[Mpi3-ft] Latest version of chapter
Darius Buntinas
buntinas at mcs.anl.gov
Fri Oct 21 15:44:18 CDT 2011
On Oct 21, 2011, at 3:19 PM, Supalov, Alexander wrote:
> Thanks. See below (prefix "AS>").
>
> -----Original Message-----
> From: mpi3-ft-bounces at lists.mpi-forum.org [mailto:mpi3-ft-bounces at lists.mpi-forum.org] On Behalf Of Darius Buntinas
> Sent: Friday, October 21, 2011 9:57 PM
> To: MPI 3.0 Fault Tolerance and Dynamic Process Control working Group
> Subject: Re: [Mpi3-ft] Latest version of chapter
>
>
> Let's say you have commA used by library A and commB used by library B.

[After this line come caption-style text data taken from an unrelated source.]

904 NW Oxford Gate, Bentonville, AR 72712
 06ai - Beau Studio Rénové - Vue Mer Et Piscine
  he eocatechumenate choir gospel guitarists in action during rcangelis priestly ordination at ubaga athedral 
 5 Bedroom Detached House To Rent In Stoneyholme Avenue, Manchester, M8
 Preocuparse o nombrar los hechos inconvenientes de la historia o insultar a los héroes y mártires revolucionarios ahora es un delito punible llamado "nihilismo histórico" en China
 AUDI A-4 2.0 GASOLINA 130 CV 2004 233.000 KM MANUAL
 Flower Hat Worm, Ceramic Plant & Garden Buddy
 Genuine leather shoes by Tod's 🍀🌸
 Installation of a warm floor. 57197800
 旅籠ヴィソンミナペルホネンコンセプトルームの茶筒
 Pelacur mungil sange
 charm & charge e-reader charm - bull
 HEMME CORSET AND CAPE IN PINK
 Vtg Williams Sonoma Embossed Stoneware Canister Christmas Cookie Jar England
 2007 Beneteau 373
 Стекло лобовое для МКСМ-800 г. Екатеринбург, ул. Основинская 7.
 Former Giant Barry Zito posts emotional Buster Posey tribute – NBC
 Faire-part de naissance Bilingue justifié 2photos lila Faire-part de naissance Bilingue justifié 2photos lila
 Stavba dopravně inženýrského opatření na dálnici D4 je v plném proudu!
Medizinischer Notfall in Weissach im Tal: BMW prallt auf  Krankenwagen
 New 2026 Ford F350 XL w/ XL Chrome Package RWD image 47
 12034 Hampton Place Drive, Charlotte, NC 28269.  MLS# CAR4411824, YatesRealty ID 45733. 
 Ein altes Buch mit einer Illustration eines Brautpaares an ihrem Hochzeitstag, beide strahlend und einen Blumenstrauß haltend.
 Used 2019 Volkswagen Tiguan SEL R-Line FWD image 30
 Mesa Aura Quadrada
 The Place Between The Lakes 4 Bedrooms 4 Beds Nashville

> Library A has registered the proc failure handler called handlerA on commA.
>
> Now, let's say a process that's in commA but not commB failed, and the thread is executing in library B and calls, e.g., MPI_Send(..., commB).
>
> The MPI implementation performs the MPI_Send operation normally, then calls handlerA(commA, MPI_ERR_PROC_FAIL_STOP), and returns from MPI_Send normally.
>
> While in handlerA, the subject communicator (commA) is passed as a parameter, so it won't be out of scope.
>
> Is it a problem that library A's handler is called from "within" library B?
>
> AS> Sure. This handler may have been written by someone else who does not know me or my B or anything else. I may not even want it to be called from within my library B for security reasons. What if it unwinds the stack, connects to A's HQ, and dumps my confidential memory all over there?
Yikes! Don't link with libraries you don't trust :-)
I don't know how to handle this case, but does the current standard prevent a library from snooping memory from other libraries? A library could set an attribute with a copy callback function on comm_world. That would be called from within another library's stack if that library tries to dup comm_world.
> Moreover, by the time it's called, both A and commA may be the thing of the times long gone together with the context in which handlerA was supposed to be executed. What will it try to handle then and under what assumptions? I don't know. You?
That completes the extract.